RE: Don't use Mocking libraries
The line between unit and functional test is much fuzzier than the purists would argue. Generally speaking, the more contained something is the more tests it should have.
If you're building a library (which is most of the PHP I've been writing lately), the emphasis should be on small-unit tests. If you're building an application that is mostly just stitching together other libraries (which most should be), then yes, you'll probably have mainly functional/end-to-end tests. That's because the lower level tests are already written for you by the library author (who may be you, or not).

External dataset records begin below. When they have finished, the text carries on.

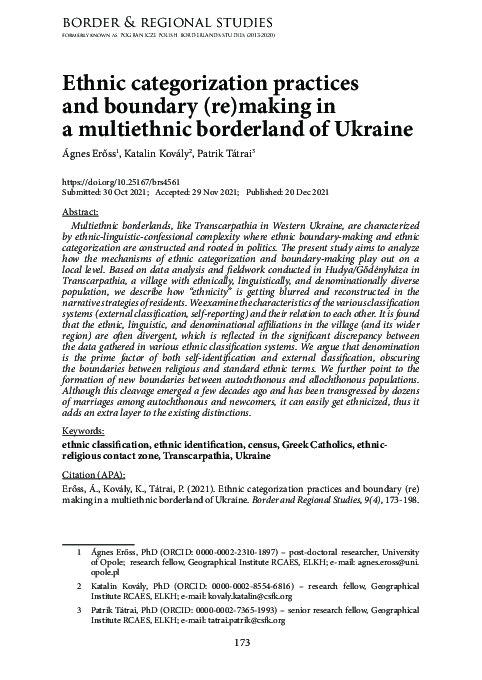 (PDF) Ethnic categorization practices and boundary (re)making in a ...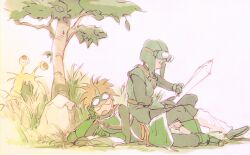 1980s_(style) 2boys blue_hat blue_tunic brown_hair cleaning cleaning_weapon dragon_quest dragon_quest_ii gloves goggles goggles_on_headwear green_gloves green_tabard hat highres holding holding_sword holding_weapon lying mari-mason monster multiple_boys oldschool on_side open_mouth outdoors prince_of_lorasia prince_of_samantoria rock sleeping sword tabard tree tunic weapon yawning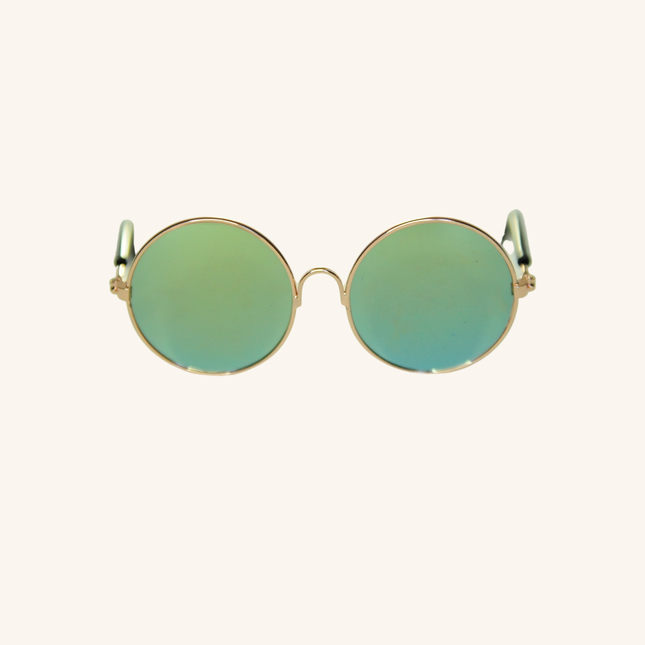 MoriCat Metal Sunglasses with Reflective Green Lens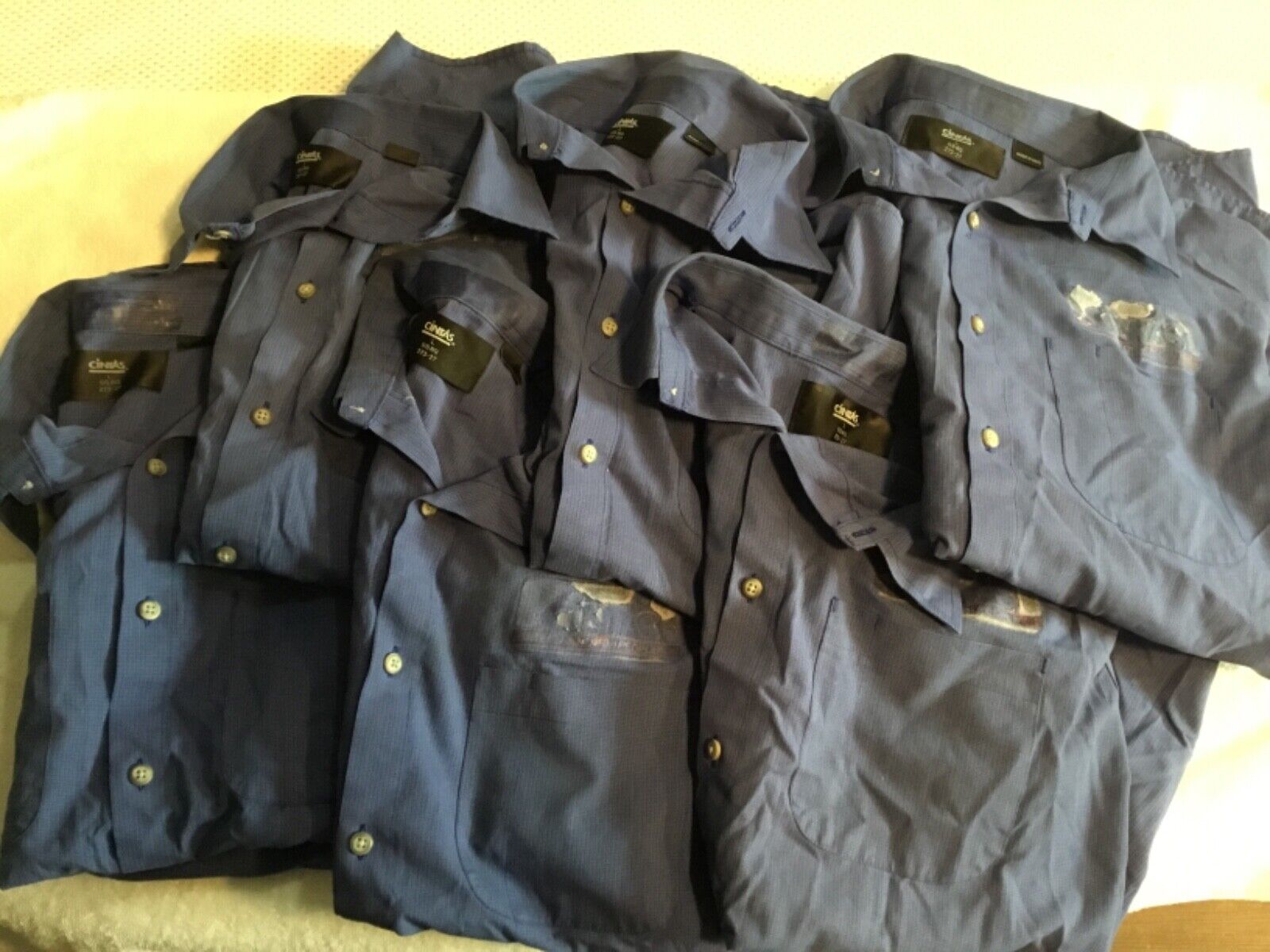 Used Uniform Work Shirts Ex CINTAS  Mechanics short sleeve Large - lot of 6 cintas Does Not Apply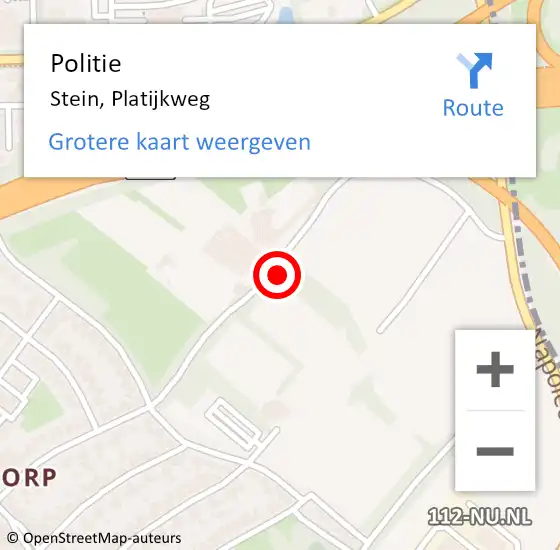 Locatie op kaart van de 112 melding: Politie Stein, Platijkweg op 19 augustus 2017 22:37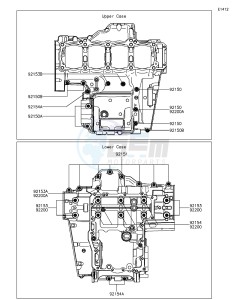 Z1000 ABS ZR1000GFF FR GB XX (EU ME A(FRICA) drawing Crankcase Bolt Pattern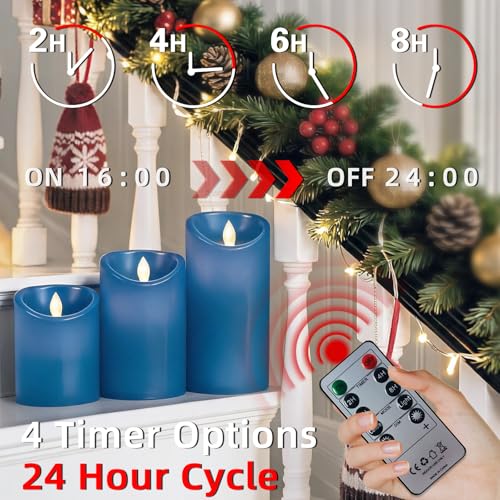 Velas con batería para bodas y Navidad en set de 3 piezas de cera azul 4
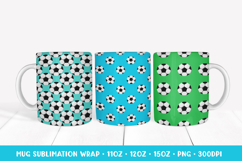 Soccer Balls Mug Sublimation Designs. Sports Mug Wrap PNG 15 Product Image 1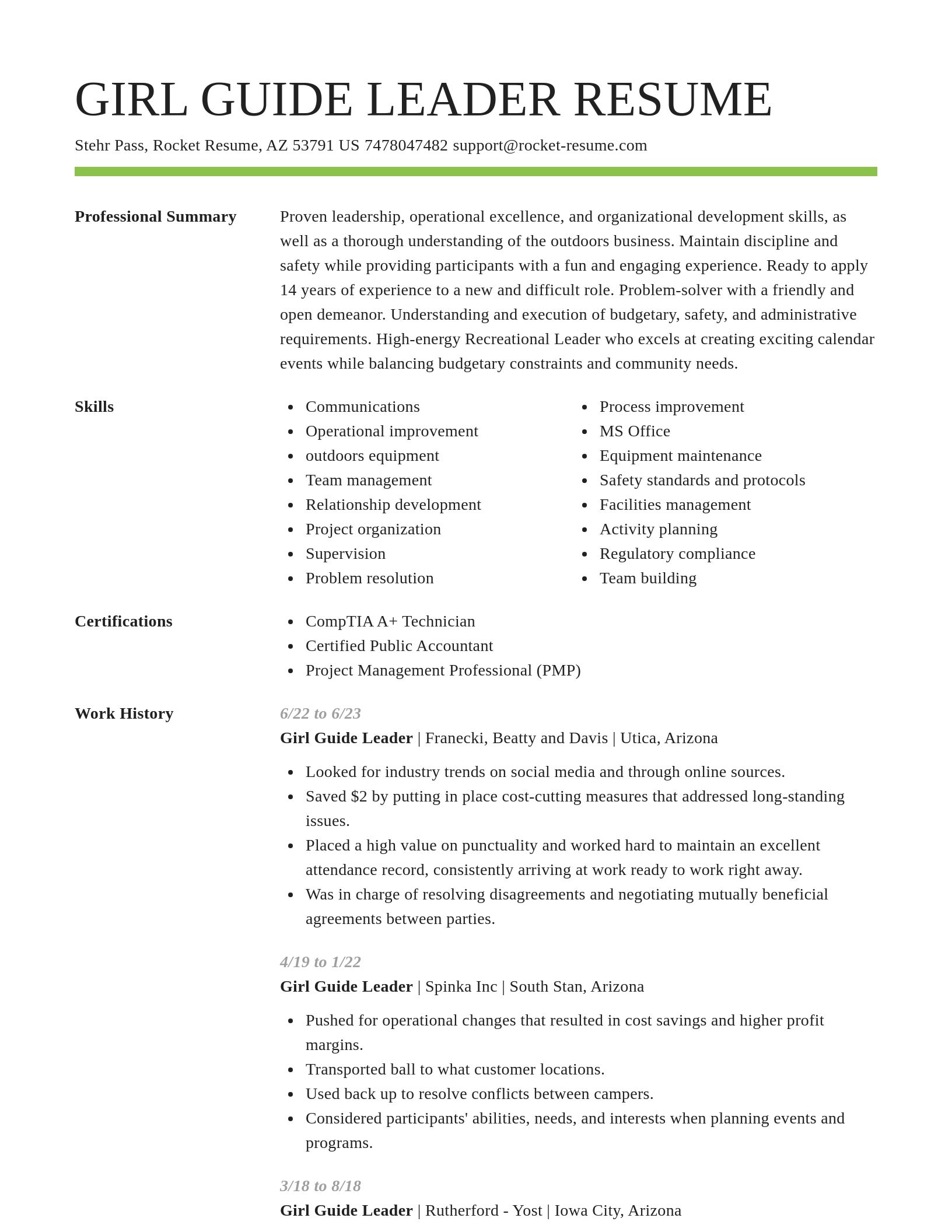 Smart resume template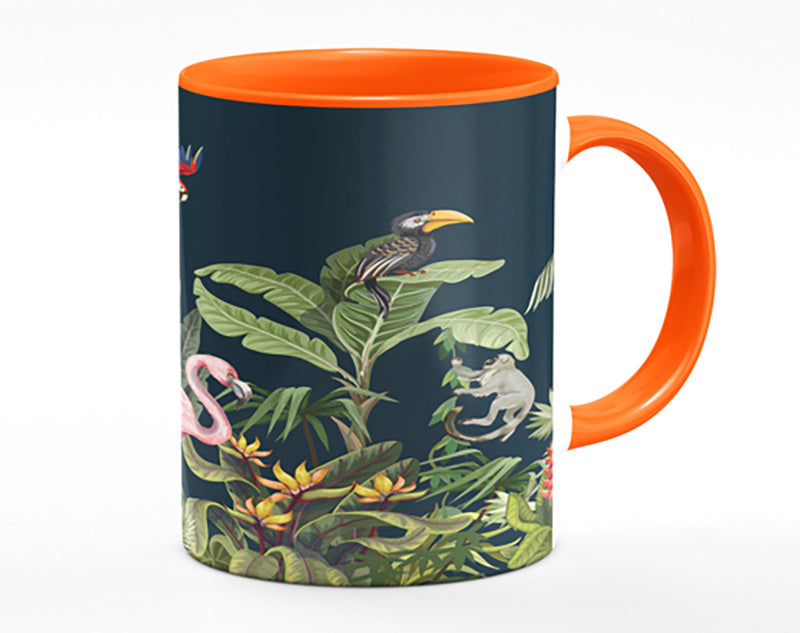 Jungle Paradise Animals Black Mug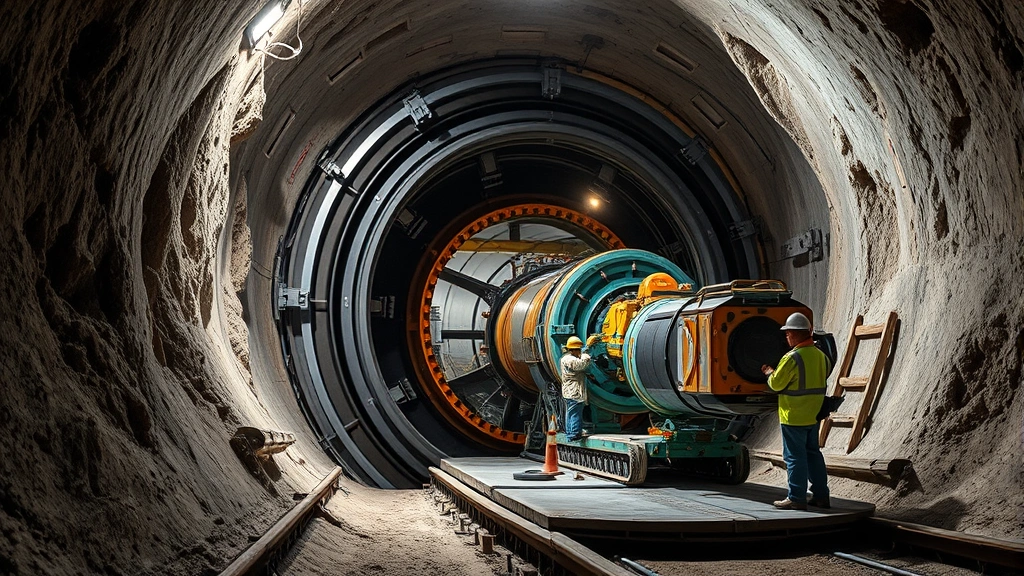 Advanced tunnel boring machine in underground excavation site with workers in safety gear operating cutting-edge equipment in a well-lit underground construction environment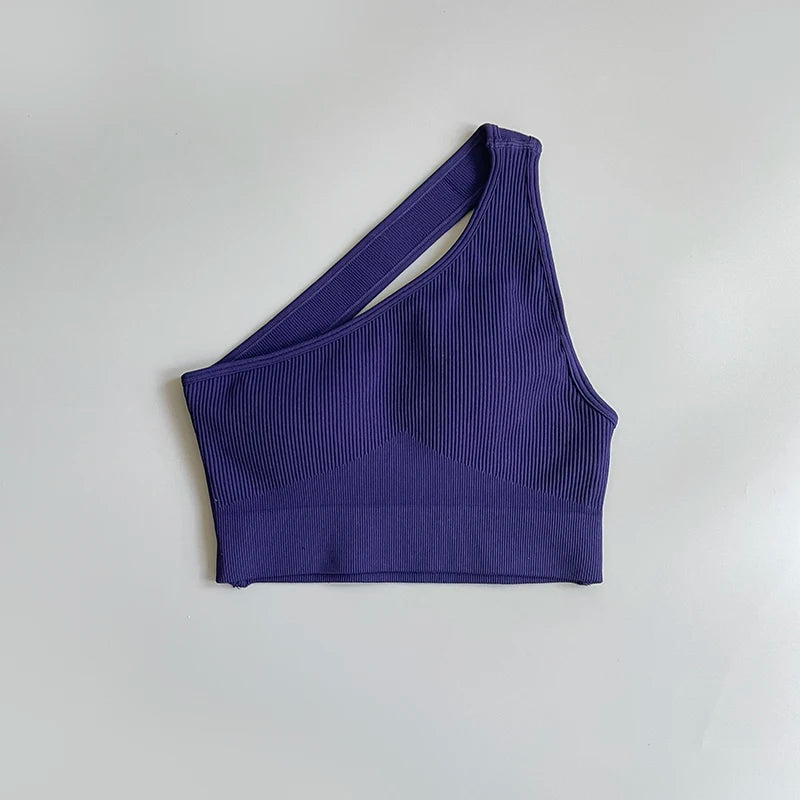 One Shoulder Cut Out Back Sports Bra Women Breathable Running Yoga Crop Top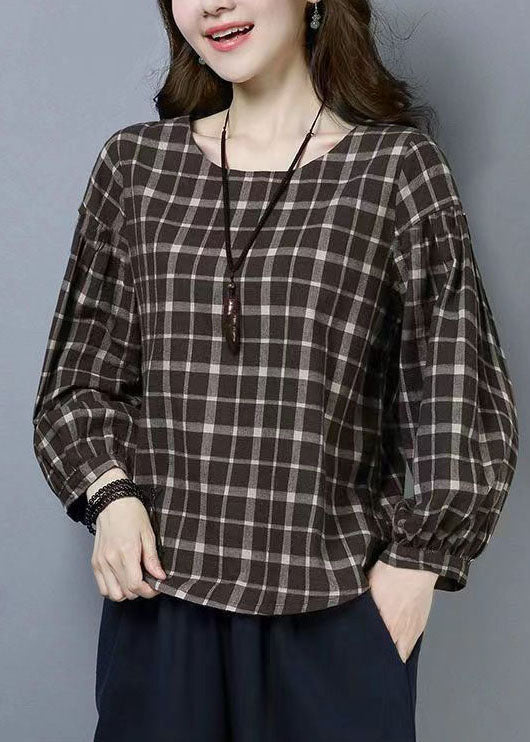 Plaid O Neck Patchwork Cotton T Shirts Tops Long Sleeve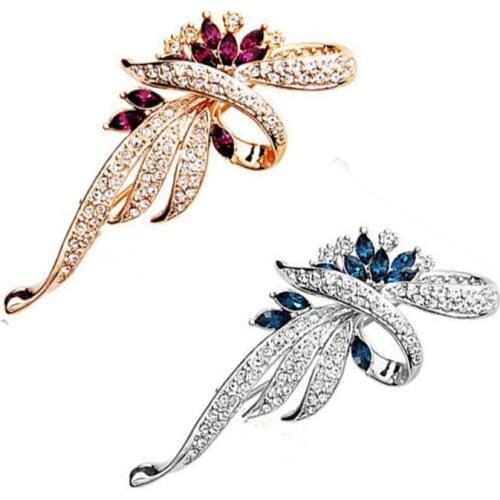 Miraculous Multi-color Crystal Wheat Brooches For Women Rhinestone Brooch Pin Fashion Jewelry Coat Dress Corsage Flower Style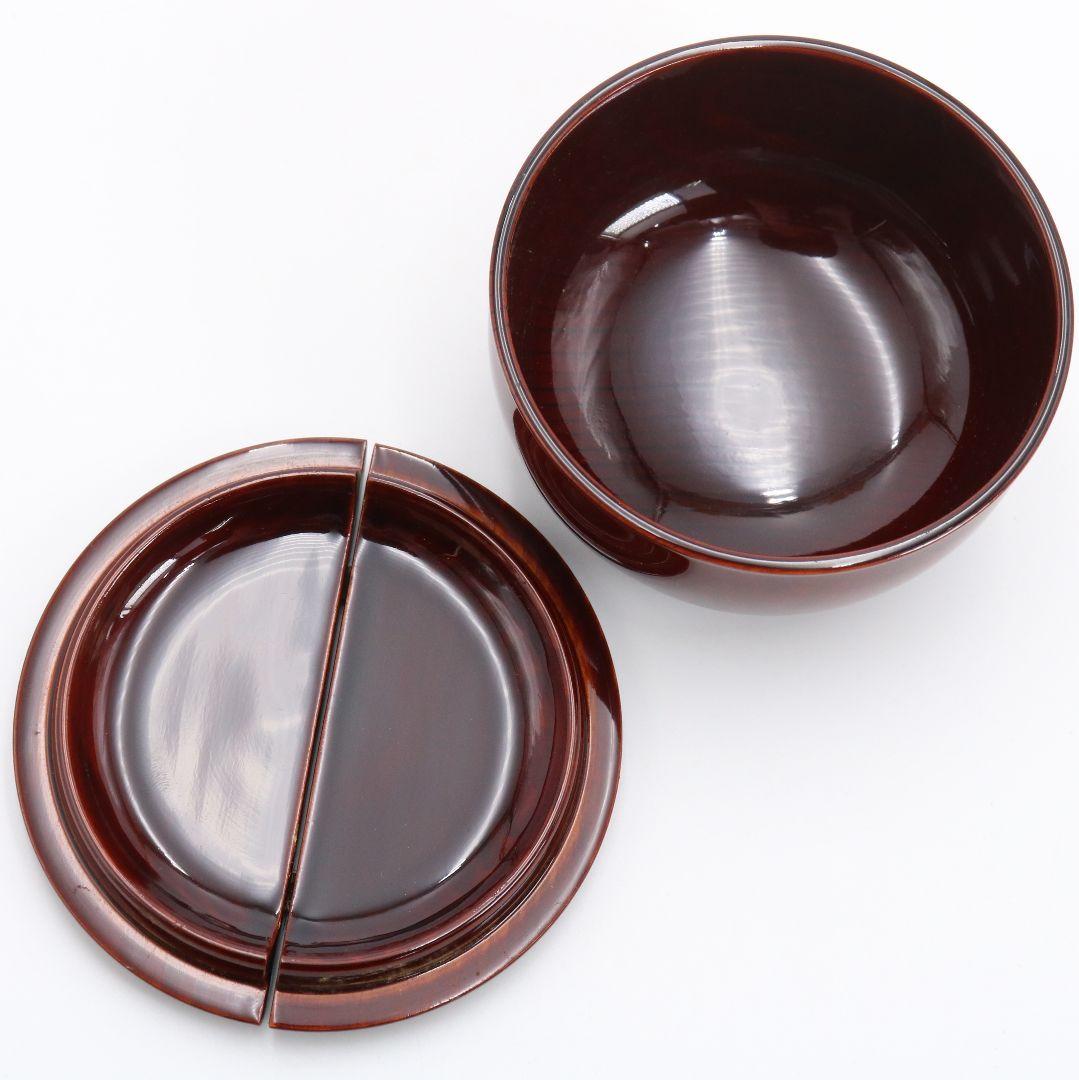 中谷秀斎作 老松 薄茶器 溜真塗 山中塗 茶道具 共箱　V986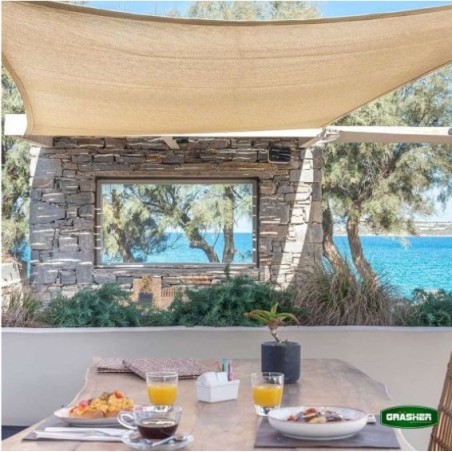 Πανί Σκίασης Τετράγωνο GRASHER 180gr/m² Μπεζ 3x4m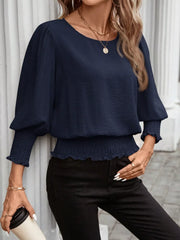 Smocked Waist Round Neck Blouse Trendsi
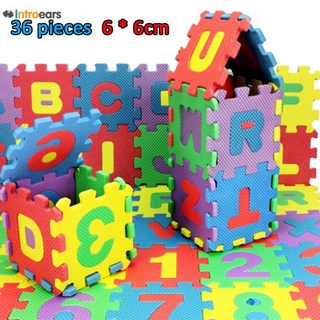 36PCS ALPHABET NUMBERS EVA FLOOR PLAY MAT BABY ROOM ABC FOAM PUZZLE Baby Soft EVA Foam Play Mat Alphabet Puzzle DIY Toy 36pcs Baby Kids Alphanumeric Educational Puzzle Blocks Infant Child Toy Gifts(Smaller only for children to play, not on the floor)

My current project is Tukio, a reference implementation of the in-progress PSR-14 standard for PHP. (That's where the examples in the article came from.) There's by design no external resources to think about (DB, etc.), so everything I'm doing is basically just feeding it data, where the data is sometimes a callable or class instance. So... I just make callables and class instances, kthxbye.
If you're making a library that uses a network connection, mocking that in your tests is crucial because you don't want to introduce the 500 extra variables of a network connection into your tests. You want to simulate the collection of variables you care about and test those. (Fake a 200 response, fake a timeout, etc.)
I am also, on the side, working on a simple photo gallery in Symfony 4. I'll be honest... it has no tests at all at the moment. That's because it's maybe 20 lines of code, plus templates, plus a bunch of external libraries. There's barely anything there to test, and I'm mostly just fiddling with it to see what happens at this point. At some point I'll probably put some functional tests around it, on principle, but at this point the fake image data I'd have to generate for it and the tooling to support it is not worth it. The libraries I'm using are all from Symfony and the PHP League, though, so I'm confident they're all very well tested. (Haven't hit a bug yet.)
As I've said elsewhere, best practices are contextual.